During this lesson, students will be:

  • Use the ruby docs to find methods
  • Use and explain ruby methods

This morning you will each get a Ruby method to explore. Your job is to look in the Ruby documentation to read about the method, come up with an explanation of what it is, and show an example of it in use.

You'll have 15 minutes to research and prepare. You will then take turns sharing your screen and presenting your findings to the class. When you are not presenting, it's your job to listen, learn, take notes, and ask questions.

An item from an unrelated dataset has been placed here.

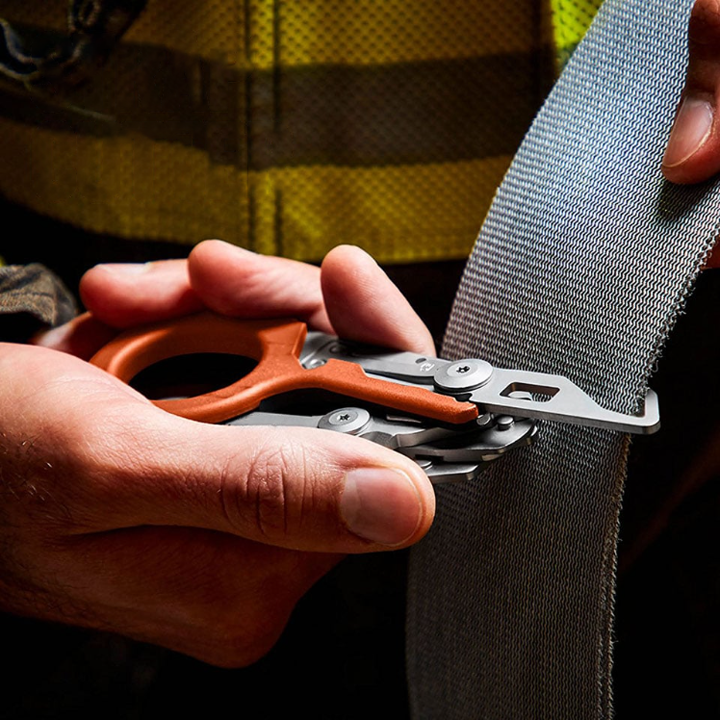 🔥Last Day Promo - 70% OFF🔥 Emergency Rescue Foldable Shears, Buy 2 Save 10% & Free Shipping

Google Sheet with assignments




String

  1. rstrip /rstrip!
  2. reverse /reverse!
  3. gsub / gsub!
  4. capitalize capitalize! / upcase / upcase!
  5. downcase/ downcase! / swapcase / swapcase!
  6. chomp / chomp!
  7. to_f / to_i
  8. to_str/ to_sym / to_a

Example string: "we researched ruby methods"




Array

  1. compact / compact!
  2. delete_at /delete_if
  3. fetch
  4. flatten / flatten!
  5. sample
  6. zip
  7. <<
  8. first / last
  9. step (note, you'll be doing the .step on a range of numbers, but it can then be used with an array)
  10. join
  11. reduce

Example array:

students = ["An", "Todd", "Mark", "Jim", "Cathleen", "Ky", "Biren", "Geraldine", "Hanna", "Dylan", "Sheila", "Charles", "Soniya", "Jerrica", "Ellen", "Lenin", "Adam", "Stanley", "Matthew", "Anthony", "Joe", "Emily", "Amanda"]



Hash

  1. has_key?
  2. keys
  3. merge / merge!
  4. flatten
  5. invert

Example hash:

cohort = {name: "Hopper", instructors: 4, "never_gonna_give_you_up" => "favorite song", most_played_song: "Freebird", instructors: ["Matt", "Thom", "Karolin", "Kristyn"], 100 => 200}



Integer

  1. odd? / even?
  2. floor / next
  3. times

Example integers:

1
28
12_345_678



Method

  1. Default values in parameters



Enumerables

The Enumerable module provides a set of methods to traverse, search, sort and manipulate collections

  1. for in
  2. each do
  3. each with index
  4. map
  5. select / select!



Post your notes and example in Slack

When it's your turn to present, post your topic, notes, and comment in Slack so that others can put it into their notes.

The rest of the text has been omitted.